February 11, 2020
· We conducted a foundation meeting for the whole group during the regular meeting time on Feb 4th. A recording of that meeting and the outline that was passed out is available on the PPG website (http://www.austinppg.org)
· The 2020 SWTA 68 Correctional Facility Conference is 2/21-2/23 at Emerald Beach Hotel (1102 South Shoreline, Corpus Christi, TX 78401)
· A traditions workshop is being held Saturday, 2/21, from 10am to 4pm at the Bethany Church (10010 Anderson Mill Rd, Austin, TX 78750, In the Disciple Building, upstairs). There will be two speakers (Bill Neal and Jimmy Dean), pastry and coffee at 9:30 and lunch at 12
In addition to the 3 month, 1 month and desire chips, we had 2 people pick up a yearly chip and share their strength and hope to the group. A chip was picked up for 12 years and 18 months of sobriety!
Tradition 3 (short form): The only requirement for A.A. membership is a desire to stop drinking.
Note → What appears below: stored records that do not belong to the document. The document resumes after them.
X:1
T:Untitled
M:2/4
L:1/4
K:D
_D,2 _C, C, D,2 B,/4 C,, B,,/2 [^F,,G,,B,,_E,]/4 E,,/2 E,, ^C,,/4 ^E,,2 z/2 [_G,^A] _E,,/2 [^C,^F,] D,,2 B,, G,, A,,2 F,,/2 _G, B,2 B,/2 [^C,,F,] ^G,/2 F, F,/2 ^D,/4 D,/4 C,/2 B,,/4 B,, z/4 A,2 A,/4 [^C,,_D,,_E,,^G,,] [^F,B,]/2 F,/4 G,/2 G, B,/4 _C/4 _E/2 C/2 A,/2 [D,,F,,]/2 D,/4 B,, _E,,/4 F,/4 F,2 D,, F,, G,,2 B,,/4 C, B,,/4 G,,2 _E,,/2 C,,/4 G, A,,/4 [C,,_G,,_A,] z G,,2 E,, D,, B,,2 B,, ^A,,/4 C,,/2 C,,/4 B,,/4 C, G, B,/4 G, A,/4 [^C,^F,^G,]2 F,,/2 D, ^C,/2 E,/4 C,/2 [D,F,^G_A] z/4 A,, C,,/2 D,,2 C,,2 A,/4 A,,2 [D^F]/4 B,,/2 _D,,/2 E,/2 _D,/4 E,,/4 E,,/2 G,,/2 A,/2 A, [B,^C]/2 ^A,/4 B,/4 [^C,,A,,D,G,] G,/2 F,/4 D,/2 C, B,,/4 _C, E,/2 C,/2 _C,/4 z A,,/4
Tradition 3 (long form): Our A.A. experience has taught us that Our membership ought to include all who suffer from alcoholism. Hence we may refuse none who wish to recover. Nor ought A.A. membership ever depend upon money or conformity. Any two or three alcoholics gathered together for sobriety may call themselves an A.A. group, provided that, as a group, they have no other affiliation.
How it Works (pg. 61-62)
Our actor is self-centered—ego-centric, as people like to call it nowadays. He is like the retired business man who lolls in the Florida sunshine in the winter complaining of the sad state of the nation; the minister who sighs over the sins of the twentieth century; politicians and reformers who are sure all would be Utopia if the rest of the world would only behave; the outlaw safe cracker who thinks society has wronged him; and the alcoholic who has lost all and is locked up. Whatever our protestations, are not most of us concerned with ourselves, our resentments, or our self-pity?
Selfishness—self-centeredness! That, we think, is the root of our troubles. Driven by a hundred forms of fear, self-delusion, self-seeking, and self-pity, we step on the toes of our fellows and they retaliate. Sometimes they hurt us, seemingly without provocation, but we invariably find that at some time in the past we have made decisions based on self which later placed us in a position to be hurt.
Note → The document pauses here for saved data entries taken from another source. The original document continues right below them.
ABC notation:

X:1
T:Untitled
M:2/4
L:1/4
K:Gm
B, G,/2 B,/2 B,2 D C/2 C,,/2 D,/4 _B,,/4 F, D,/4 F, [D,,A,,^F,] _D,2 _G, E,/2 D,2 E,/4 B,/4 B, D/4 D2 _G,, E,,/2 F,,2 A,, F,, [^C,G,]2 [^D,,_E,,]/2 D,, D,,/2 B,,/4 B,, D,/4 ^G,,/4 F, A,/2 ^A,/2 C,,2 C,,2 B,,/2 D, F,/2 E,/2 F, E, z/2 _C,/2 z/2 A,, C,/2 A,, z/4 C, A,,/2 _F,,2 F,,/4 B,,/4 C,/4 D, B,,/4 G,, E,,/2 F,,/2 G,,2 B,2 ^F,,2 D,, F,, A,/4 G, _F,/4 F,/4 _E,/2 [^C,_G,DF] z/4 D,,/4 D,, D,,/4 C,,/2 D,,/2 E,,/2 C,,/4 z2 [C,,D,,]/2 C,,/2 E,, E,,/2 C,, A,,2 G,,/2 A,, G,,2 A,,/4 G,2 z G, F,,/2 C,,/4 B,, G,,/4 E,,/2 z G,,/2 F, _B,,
Some Thoughts on what we read:
This week we continued the chapter How It Works and we started with 5 examples of self-centeredness. We suffer from a delusion that if people see things from our perspective, then they would act right. We may think we have shed all of this once we work the steps but it is something we must continue to watch deep into sobriety. The confusing part of us “forever trying to arrange the lights” is when we think our motives are good.
We must continuously look where we are acting selfish because we can easily move from God-reliant to self-reliant (for many of us, our natural state). Where are we hurting others? Do I need this just to make ME happy? Has our delusional mind crafted a story about the people around us to give us a resentment? The solution to alcohol isn’t sobriety. It’s a spiritual experience. Our self-will, selfishness, self-centeredness blocks us from having that experience with our Higher Power.